Task directions>
Give the listing again in full and exactly, apart from its pictures.

Top of Given material

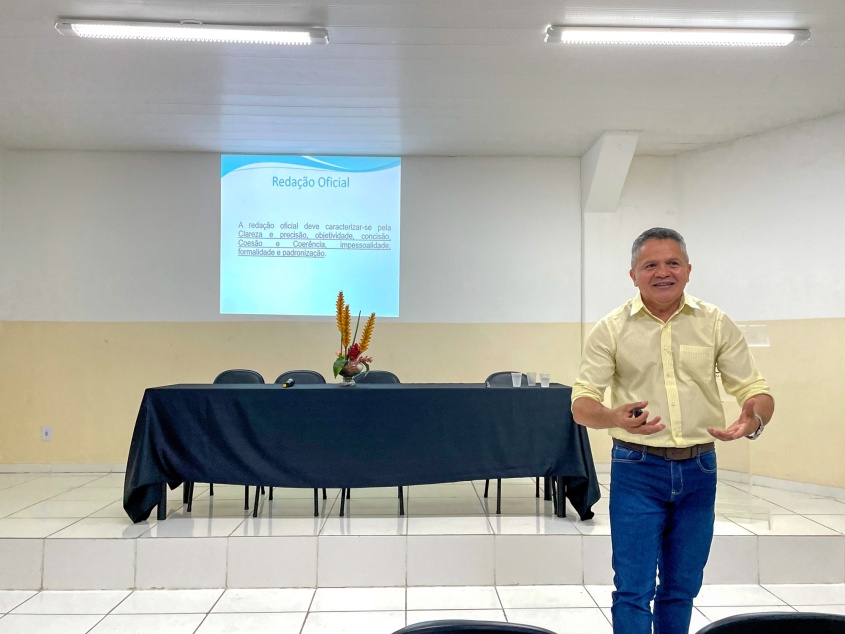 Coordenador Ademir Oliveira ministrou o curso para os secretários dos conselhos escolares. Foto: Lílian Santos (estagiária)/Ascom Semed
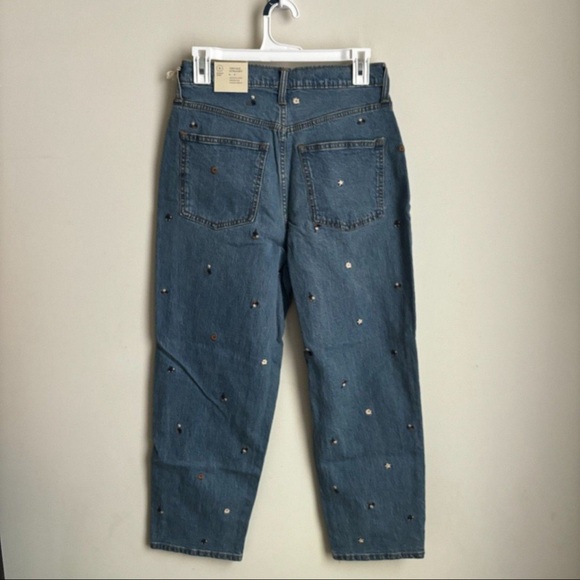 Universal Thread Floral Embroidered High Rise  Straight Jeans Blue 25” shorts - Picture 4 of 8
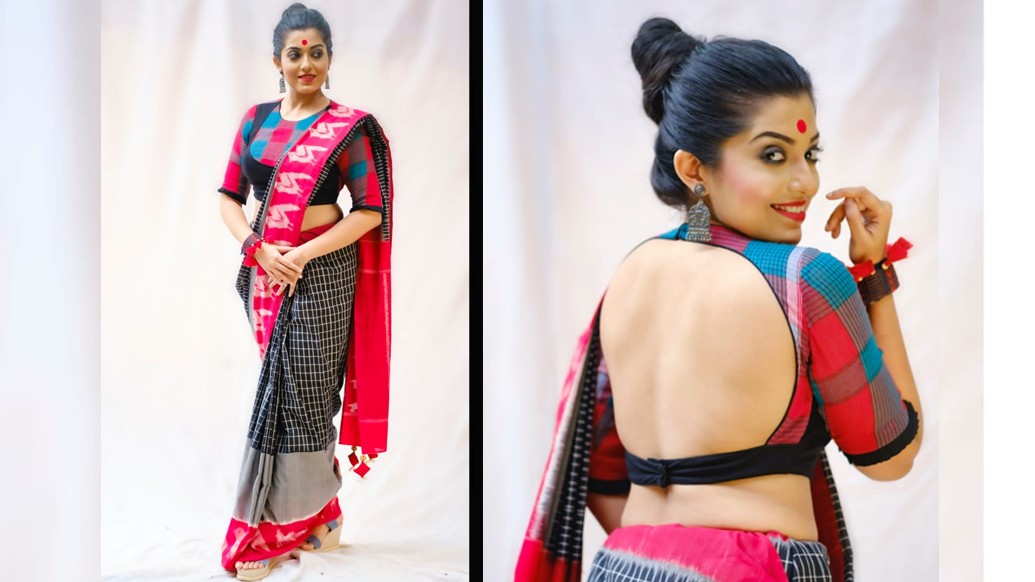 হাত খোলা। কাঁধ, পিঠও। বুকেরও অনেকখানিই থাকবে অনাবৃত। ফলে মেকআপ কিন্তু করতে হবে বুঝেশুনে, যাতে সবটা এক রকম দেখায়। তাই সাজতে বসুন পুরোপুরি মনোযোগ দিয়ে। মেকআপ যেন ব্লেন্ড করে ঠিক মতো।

Bottom of Given material

Task answer>
 Coordenador Ademir Oliveira ministrou o curso para os secretários dos conselhos escolares. Foto: Lílian Santos (estagiária)/Ascom Semed
 Universal Thread Floral Embroidered High Rise  Straight Jeans Blue 25” shorts - Picture 4 of 8
 হাত খোলা। কাঁধ, পিঠও। বুকেরও অনেকখানিই থাকবে অনাবৃত। ফলে মেকআপ কিন্তু করতে হবে বুঝেশুনে, যাতে সবটা এক রকম দেখায়। তাই সাজতে বসুন পুরোপুরি মনোযোগ দিয়ে। মেকআপ যেন ব্লেন্ড করে ঠিক মতো।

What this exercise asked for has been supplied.